About the Book:
Early one summer morning, Matthew Bishop kisses his still-sleeping wife Marissa, gets dressed and eases his truck through Milwaukee, bound for the highway. His wife, pregnant with their first child, has asked him to find the antique cradle taken years before by her mother Caroline when she abandoned Marissa, never to contact her daughter again. Soon to be a mother herself, Marissa now dreams of nothing else but bringing her baby home to the cradle she herself slept in. His wife does not know-does not want to know-where her mother lives, but Matt has an address for Caroline's sister near by and with any luck, he will be home in time for dinner.
Only as Matt tries to track down his wife's mother, he discovers that Caroline, upon leaving Marissa, has led a life increasingly plagued by impulse and irrationality, a mysterious life that grows more inexplicable with each new lead Matt gains, and door he enters. As hours turn into days and Caroline's trail takes Matt from Wisconsin to Minnesota, Illinois, and beyond in search of the cradle, Matt makes a discovery that will forever change Marissa's life, and faces a decision that will challenge everything he has ever known.

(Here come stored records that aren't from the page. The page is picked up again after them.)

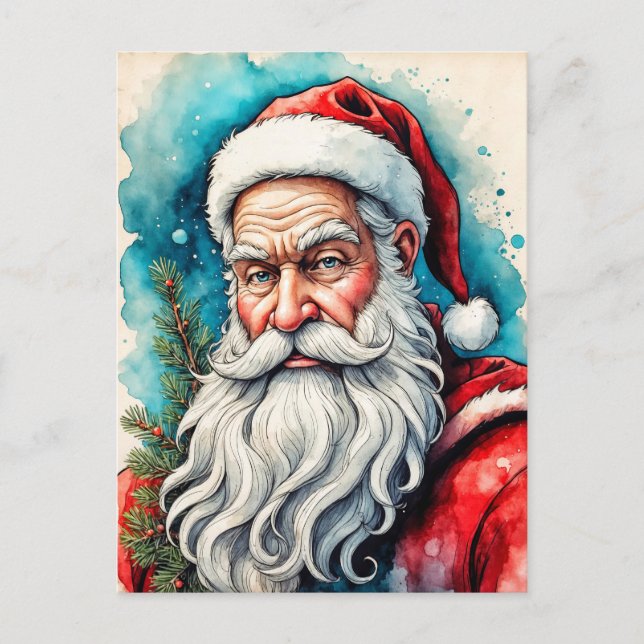 Happy Holidays From Santa Claus Postkarte (Vorderseite)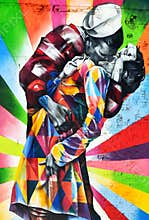Mural by artist Brazilian artist Kobra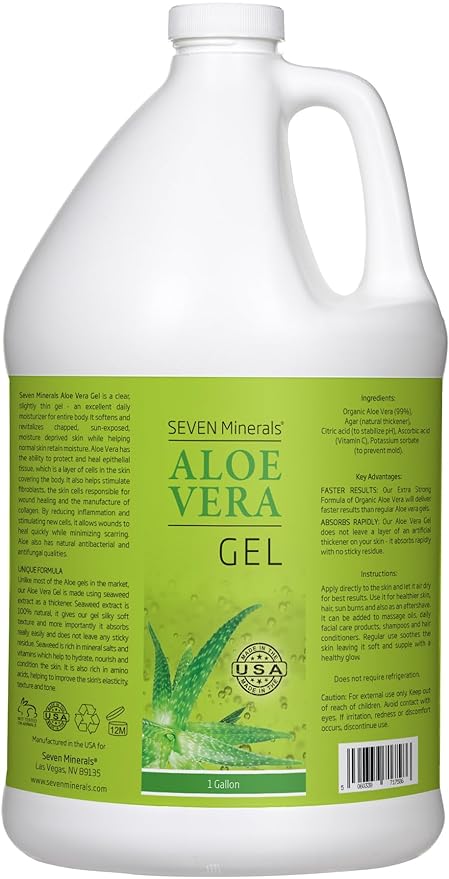 Seven Minerals Organic Aloe Vera Gel from freshly cut 100% Pure Aloe - 1 Gallon - HighestQuality, Texas grown, Vegan, Unscented - For Face, Skin, Hair, Sunburn Relief - Bulk DIY (128 Fl Oz)-VivaGrace Women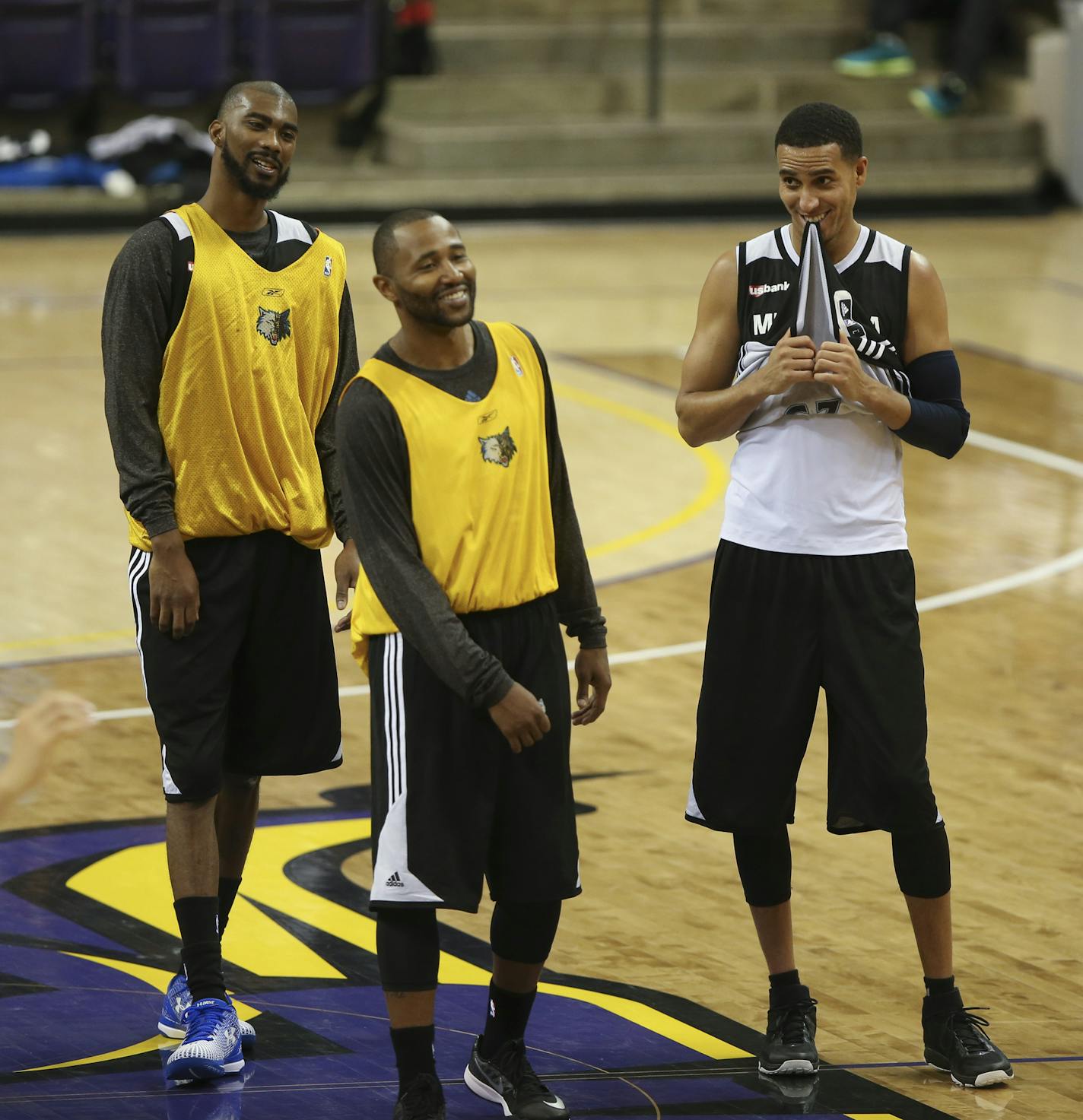 Kevin Martin, right, waited his turn to participate in a drill with Corey Brewer, left, and Mo Williams Tuesday afternoon at Bresnan Arena in Taylor Center in Mankato.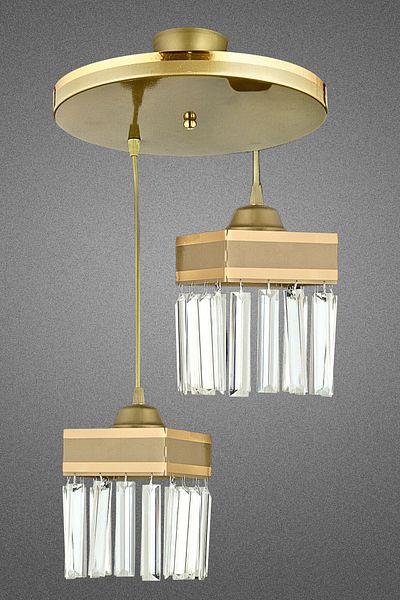 SONSUZ AYDINLATMA&AVİZE Infinite 2-Piece Antique Pendant Lamp with Crystal Stones and Yellow Stripe Square Downward Facing Luxury Chandelier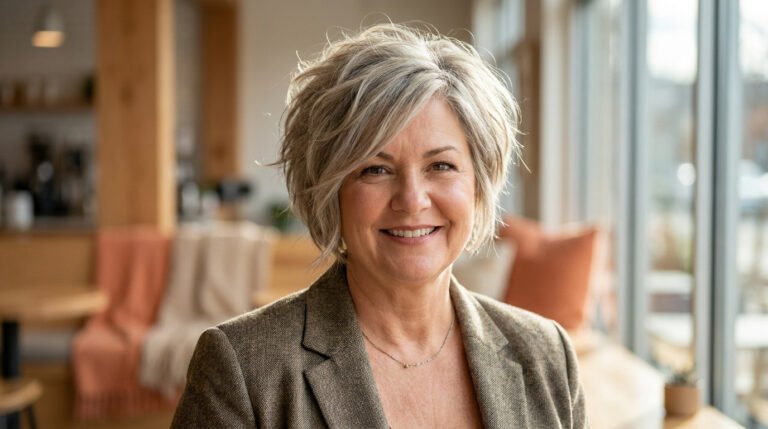 Femme de 50 ans au visage rond avec une coupe courte moderne et des cheveux poivre et sel, souriante.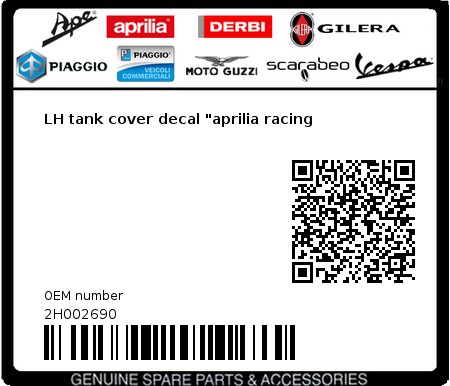 Product image: Aprilia - 2H002690 - LH tank cover decal "aprilia racing  0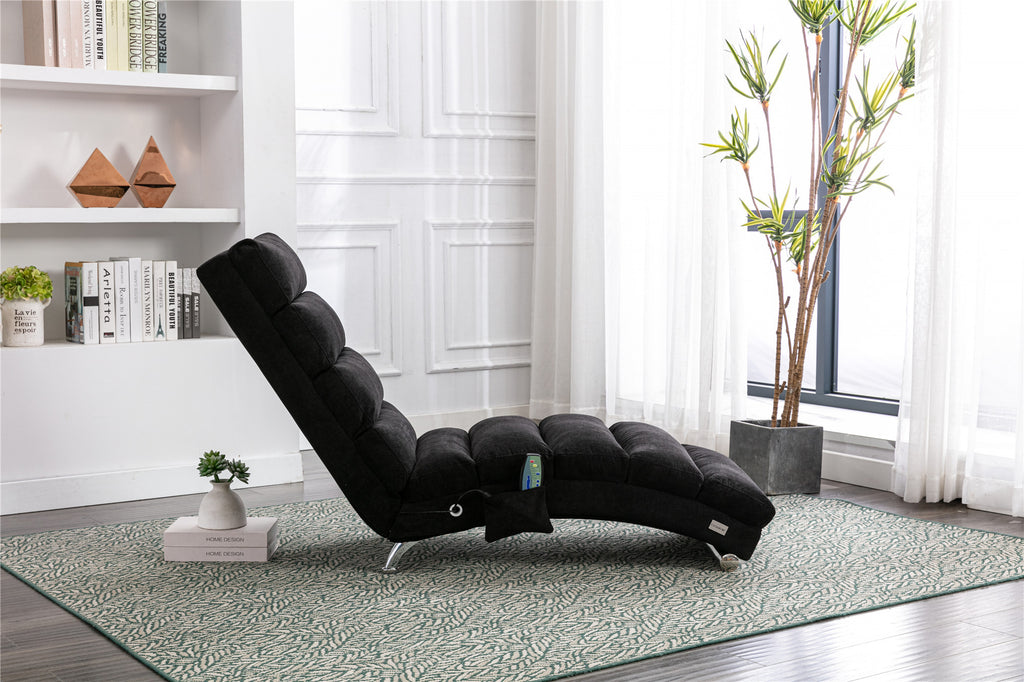 COOLMORE Luxury Upholstered Chaise Lounge Chair with Vibration for Relaxation, Modern Fixed Back Fabric Leisure Recliner Sofa for Living Room/Bedroom - Grand Goldman Shop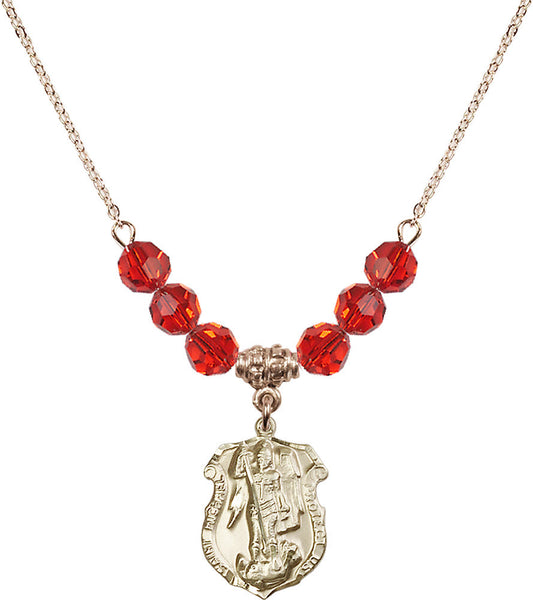 14kt Gold Filled Saint Michael the Archangel Birthstone Necklace with Ruby Beads - 5692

Elegant and astonishing, Patrick Somerville tells the story of one man's journey into the heart of marriage, parenthood, and what it means to be a family. Confirming the arrival of an exuberantly talented new writer, The Cradle is an uniquely imaginative debut novel that radiates with wisdom and wonder.
About the Author:
Patrick Somerville grew up in Green Bay, Wisconsin, attended the University of Wisconsin-Madison, and later earned his MFA in creative writing from Cornell University. He is the author of the story collection Trouble (Vintage, 2006), and his writing has appeared in One Story, Epoch and Best American Nonrequired Reading. He lives with his wife in Chicago, and is currently the Blattner Visiting Professor of Creative Writing at Northwestern University. This is his first novel.
The Cradle comes with a Reading Group Guide, which I've reproduced below. The author also shares a list of books that have influenced his own work as a writer. I love learning about a writer's influences - here's the link to the list of 51 books that most influenced Patrick Somerville.
Reading Group Guide, courtesy of the publisher:
1. What does Matt mean when he tells Joe, "You're free," as they eat breakfast in the diner?
2. In your opinion, what is the significance of the cradle?
3. Renee's story occurs more than a decade after Matt's, and in many ways the two characters exist in different worlds. How are their respective quests similar? How are their journeys different?
4. Why does Marissa cry on her wedding day?
5. Why do you think Matt rips the showerhead out of the wall?
6. In the novel's first chapter, Marissa claims,"There are two kinds of people in the world. There are people who understand that everything matters and people who don't understand that everything matters" (page 6). What does she mean by this? Is she serious? Use her statement as a way to think about the various characters in the book.
7. How is writing poetry different for Renee than her work writing children's books? Why do you think she struggles so much with the former, and how does that struggle change in the course of the novel? How does Renee's understanding of Walt Whitman's work play a role?
8. Matt comes to the realization that "the world never just happened but rather was made by people, each and every aspect of it" (page 157). How does this realization affect his sense of personal responsibility?
9. Who was the character you most identified with at the beginning of the novel? Did that change by the conclusion of the story?
10. Why do you think that, following Matt's return, Marissa never again asked about the cradle?